高速域の安定感を確保する足まわりアイテム
アメリカ発のカスタマイズ手法は、10年ほど前から大きな流行の波となって日本市場を押し寄せている。今ではすっかりメルセデスユーザーにも浸透、定着しているといっても過言ではないだろう。その創成期からリアルなアメリカのカスタマイズ文化を輸入して発信、提案し続けるのが香川県の「アビスオートブティック」だ。
撮影したメルセデス・ベンツGクラス(AMG G63)は、5インチ(12.7cm)ものリフトアップを果たし、アメリカ製の鍛造ホイールブランドの雄である「AGIO(アジオ)」を投入。さらにその高額なホイールに外径37インチものタイヤを組み合わせ、リアルにアメリカで支持されるフォルムへと導いた。
核となる足まわりは「FOX製」のダンパーやジール製のリフトアップスプリング。メルセデス・ベンツ G550 4×42 やG63 AMG 6×6などで搭載される特殊な機構であるポータルアクスルは採用せず、純正の足まわり構造のままリフトアップできる最大値を目指した。
FOX製のダンパー径は2インチと太く、純正のほぼ倍の容量を確保。撮影車には、オプションの減衰力調整機能タイプが装着されていた。
足まわりの構造を大きく変えずに車高を上げるとアライメントの狂いが発生してしまうが、トレーディングアームを下げることでキャスター角まで補正済み。さらにFOX製ステアリングダンパーを装着した結果、ハンドルのブレがなく、高速道路での接地感もしっかり感じられる乗り味に進化した。
大枠で語るとこのようになるが、細部に至るまでリアルアメリカの空気感が浸透。例えば、ランプ系ひとつ注目してみても、バータイプLEDに代わって、現地で主流となりつつあるスポットタイプのバハデザイン製LEDライトを導入している。

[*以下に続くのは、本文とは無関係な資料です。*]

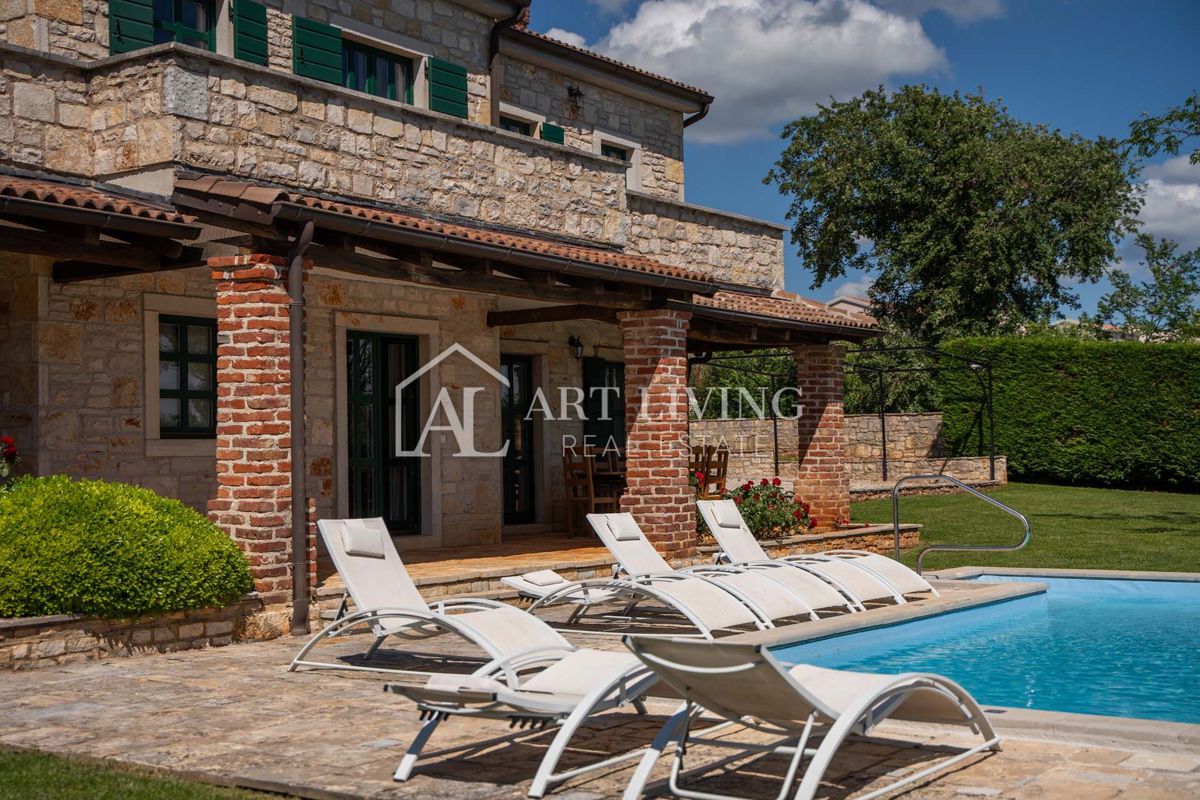 Poreč, okolica - rustikalna kamnita vila z bazenom v istrskem stilu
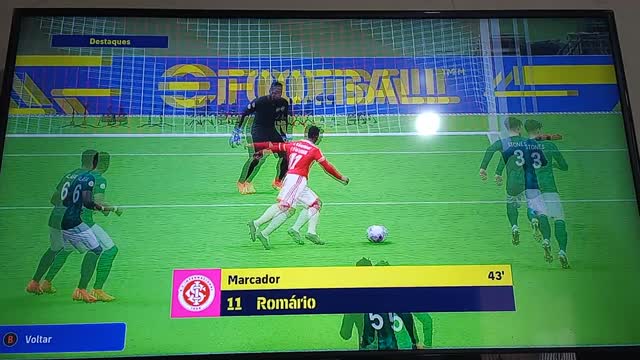 Goalkeeper making Romario's life easier, Efootball2023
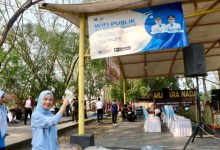 Bupati Serang, Ratu Rachmatuzakiyah menunjukan salah satu lokasi internet gratis. Foto Antara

ホイールは、前述のアメリカ製鍛造のアジオホイールズ「FRM3P(24×11J)」。タイヤもカリフォルニアから直輸入した、最新のローリングビックパワー製(サイズ37×13.50R24)を履かせた。
フェンダーは「ゲレンデヴァーゲンファクトリー製」し、ワイド感を強調した迫力あるフォルムを実現。さらにジールのアンダーガードに牽引フックもプラスされ、オフローダーのイメージをさりげなくアップしているのだ。
ルーフには、最大容量600リッターを誇る「ハプロ」のルーフボックス。最大級サイズでGクラスに装着しても十分に存在感を主張できる大きさだ。カラーはブリリアントブラック。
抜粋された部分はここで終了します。